About this task. A faithful, complete copy of the entries below is required, with images removed.
Top of Data records
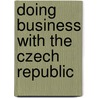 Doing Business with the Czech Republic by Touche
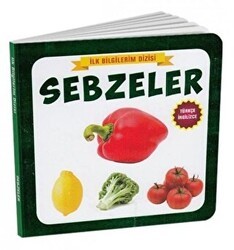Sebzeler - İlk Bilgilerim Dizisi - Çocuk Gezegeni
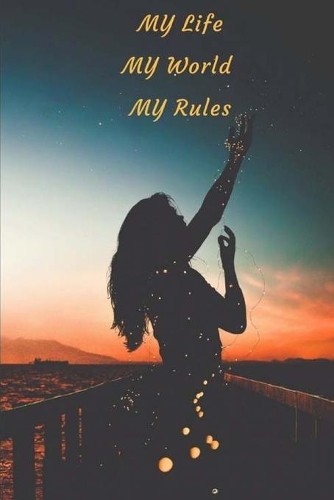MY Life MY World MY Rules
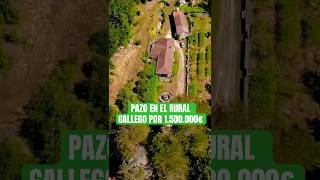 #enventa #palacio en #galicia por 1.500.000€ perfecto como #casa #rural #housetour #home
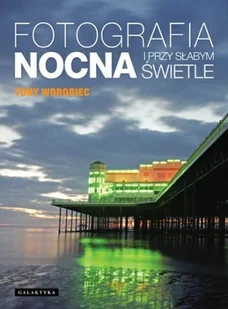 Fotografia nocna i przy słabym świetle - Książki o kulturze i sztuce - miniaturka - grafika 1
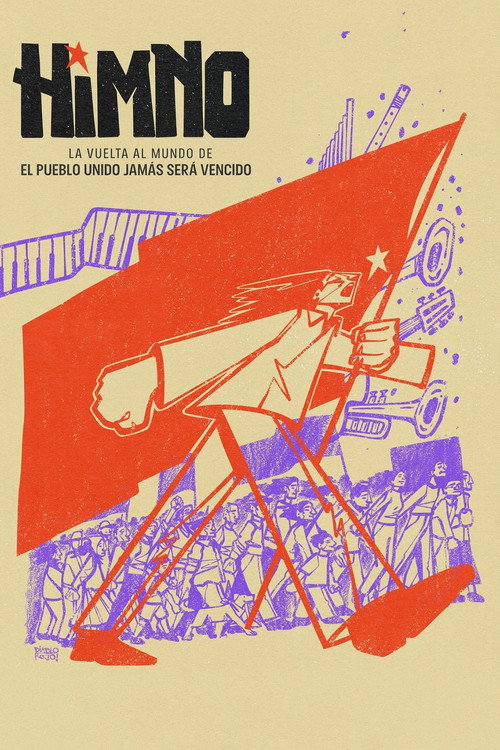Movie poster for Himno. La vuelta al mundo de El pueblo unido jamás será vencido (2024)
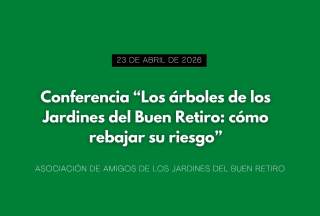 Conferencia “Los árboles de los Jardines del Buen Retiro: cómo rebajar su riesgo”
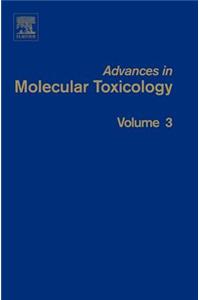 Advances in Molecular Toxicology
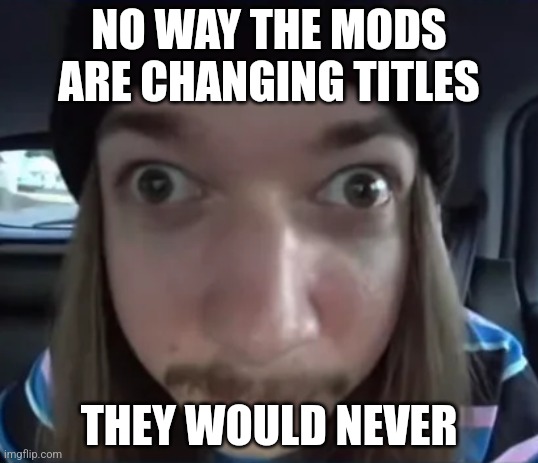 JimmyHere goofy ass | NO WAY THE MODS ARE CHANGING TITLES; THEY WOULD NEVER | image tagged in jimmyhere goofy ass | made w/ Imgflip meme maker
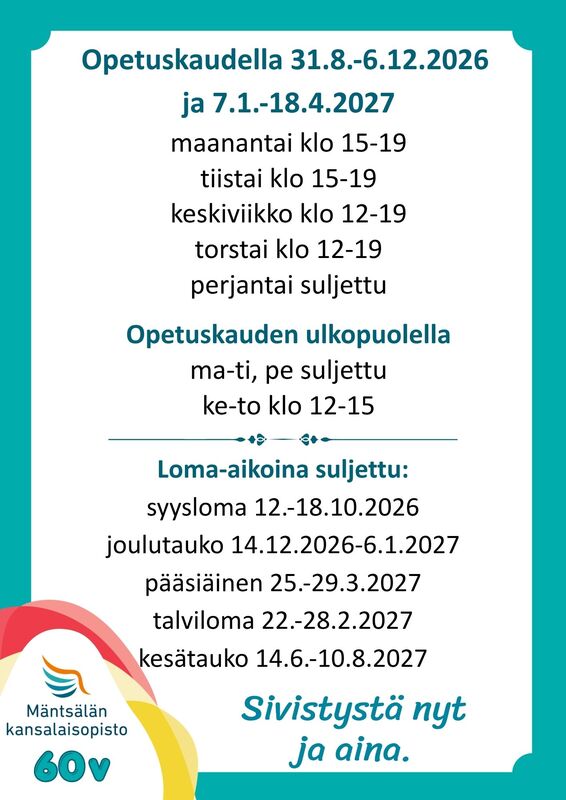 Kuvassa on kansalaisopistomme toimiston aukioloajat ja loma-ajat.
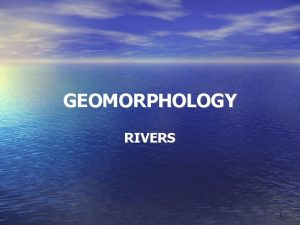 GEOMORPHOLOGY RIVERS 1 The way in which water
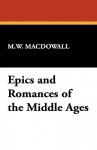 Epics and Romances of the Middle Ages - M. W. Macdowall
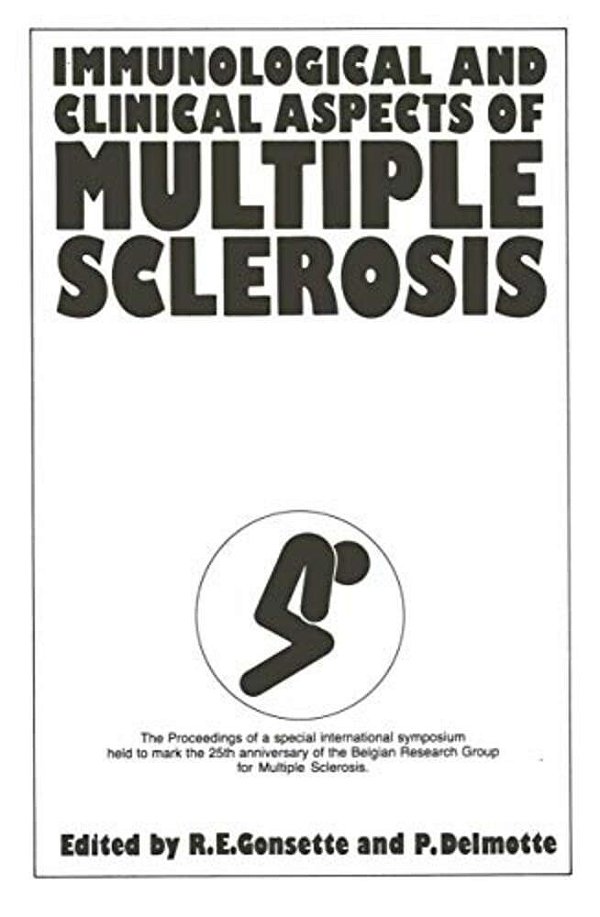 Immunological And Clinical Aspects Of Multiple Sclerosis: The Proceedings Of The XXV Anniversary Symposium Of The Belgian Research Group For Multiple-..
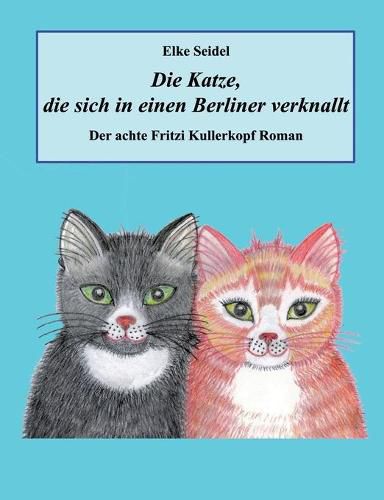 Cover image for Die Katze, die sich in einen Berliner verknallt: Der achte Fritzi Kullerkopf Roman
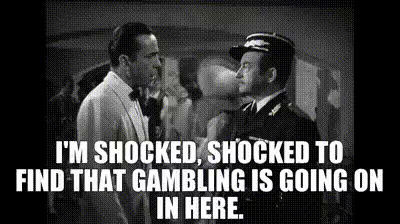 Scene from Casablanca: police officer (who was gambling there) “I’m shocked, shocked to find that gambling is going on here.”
Bottom of Data records
Exercise response.
 Doing Business with the Czech Republic by Touche
Sebzeler - İlk Bilgilerim Dizisi - Çocuk Gezegeni
MY Life MY World MY Rules
 #enventa #palacio en #galicia por 1.500.000€ perfecto como #casa #rural #housetour #home
 Fotografia nocna i przy słabym świetle - Książki o kulturze i sztuce - miniaturka - grafika 1
Movie poster for Himno. La vuelta al mundo de El pueblo unido jamás será vencido (2024)
 Conferencia “Los árboles de los Jardines del Buen Retiro: cómo rebajar su riesgo”
 Advances in Molecular Toxicology
 JimmyHere goofy ass | NO WAY THE MODS ARE CHANGING TITLES; THEY WOULD NEVER | image tagged in jimmyhere goofy ass | made w/ Imgflip meme maker
 Kuvassa on kansalaisopistomme toimiston aukioloajat ja loma-ajat.
 GEOMORPHOLOGY RIVERS 1 The way in which water
 Epics and Romances of the Middle Ages - M. W. Macdowall
 Immunological And Clinical Aspects Of Multiple Sclerosis: The Proceedings Of The XXV Anniversary Symposium Of The Belgian Research Group For Multiple-..
 Cover image for Die Katze, die sich in einen Berliner verknallt: Der achte Fritzi Kullerkopf Roman
 Scene from Casablanca: police officer (who was gambling there) “I’m shocked, shocked to find that gambling is going on here.”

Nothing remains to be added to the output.